[Work to be completed] From the first line of the entries below, reproduce everything exactly through the line with "Taos Women Red", and nothing more.

[Data for the task]
□ □ □ □

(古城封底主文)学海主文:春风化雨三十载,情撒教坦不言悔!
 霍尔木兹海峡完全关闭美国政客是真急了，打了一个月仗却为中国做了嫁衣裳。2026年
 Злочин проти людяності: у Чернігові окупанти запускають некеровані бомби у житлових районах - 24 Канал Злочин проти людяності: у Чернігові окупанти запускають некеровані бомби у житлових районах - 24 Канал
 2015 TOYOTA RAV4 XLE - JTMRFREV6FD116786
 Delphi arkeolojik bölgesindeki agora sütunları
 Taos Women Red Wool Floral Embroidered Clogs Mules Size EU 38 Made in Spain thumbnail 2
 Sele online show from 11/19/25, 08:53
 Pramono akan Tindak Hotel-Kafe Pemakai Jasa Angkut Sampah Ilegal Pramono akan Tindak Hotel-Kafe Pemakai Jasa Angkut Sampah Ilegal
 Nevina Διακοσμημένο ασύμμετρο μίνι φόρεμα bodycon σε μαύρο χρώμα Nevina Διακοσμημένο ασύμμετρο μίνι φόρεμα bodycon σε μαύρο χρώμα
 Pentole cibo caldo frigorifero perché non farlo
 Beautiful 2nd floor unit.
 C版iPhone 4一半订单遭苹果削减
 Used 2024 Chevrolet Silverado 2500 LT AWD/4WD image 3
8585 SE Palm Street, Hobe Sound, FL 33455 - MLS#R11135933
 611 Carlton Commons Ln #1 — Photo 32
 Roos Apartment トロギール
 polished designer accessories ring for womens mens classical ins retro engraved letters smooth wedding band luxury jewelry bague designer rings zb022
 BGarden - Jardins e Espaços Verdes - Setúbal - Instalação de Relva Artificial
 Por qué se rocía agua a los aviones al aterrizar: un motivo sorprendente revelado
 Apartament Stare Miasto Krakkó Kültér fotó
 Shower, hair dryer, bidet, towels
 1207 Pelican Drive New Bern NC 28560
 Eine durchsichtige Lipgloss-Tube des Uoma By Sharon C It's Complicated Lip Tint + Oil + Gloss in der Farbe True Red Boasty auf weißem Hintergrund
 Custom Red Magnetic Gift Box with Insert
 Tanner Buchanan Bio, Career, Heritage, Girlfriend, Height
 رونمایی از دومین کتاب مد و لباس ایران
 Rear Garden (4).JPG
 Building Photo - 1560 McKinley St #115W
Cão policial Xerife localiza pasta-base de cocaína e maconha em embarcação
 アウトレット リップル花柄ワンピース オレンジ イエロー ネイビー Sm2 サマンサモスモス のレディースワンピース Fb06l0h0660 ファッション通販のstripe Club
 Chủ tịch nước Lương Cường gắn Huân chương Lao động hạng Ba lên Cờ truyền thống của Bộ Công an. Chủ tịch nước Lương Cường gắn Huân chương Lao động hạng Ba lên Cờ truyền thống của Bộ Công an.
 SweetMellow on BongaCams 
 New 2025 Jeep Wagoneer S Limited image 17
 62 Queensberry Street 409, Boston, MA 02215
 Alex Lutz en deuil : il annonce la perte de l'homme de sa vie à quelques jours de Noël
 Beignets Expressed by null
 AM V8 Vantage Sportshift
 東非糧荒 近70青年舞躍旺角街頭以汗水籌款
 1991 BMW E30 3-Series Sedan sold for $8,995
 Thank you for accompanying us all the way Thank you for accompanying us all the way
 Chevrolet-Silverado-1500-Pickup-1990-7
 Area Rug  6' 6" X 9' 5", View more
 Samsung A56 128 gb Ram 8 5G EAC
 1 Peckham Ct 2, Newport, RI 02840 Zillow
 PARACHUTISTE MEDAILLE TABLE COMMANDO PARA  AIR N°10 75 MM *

□ □ □ □

[Exercise output]
(古城封底主文)学海主文:春风化雨三十载,情撒教坦不言悔!
 霍尔木兹海峡完全关闭美国政客是真急了，打了一个月仗却为中国做了嫁衣裳。2026年
 Злочин проти людяності: у Чернігові окупанти запускають некеровані бомби у житлових районах - 24 Канал Злочин проти людяності: у Чернігові окупанти запускають некеровані бомби у житлових районах - 24 Канал
 2015 TOYOTA RAV4 XLE - JTMRFREV6FD116786
 Delphi arkeolojik bölgesindeki agora sütunları
 Taos Women Red Wool Floral Embroidered Clogs Mules Size EU 38 Made in Spain thumbnail 2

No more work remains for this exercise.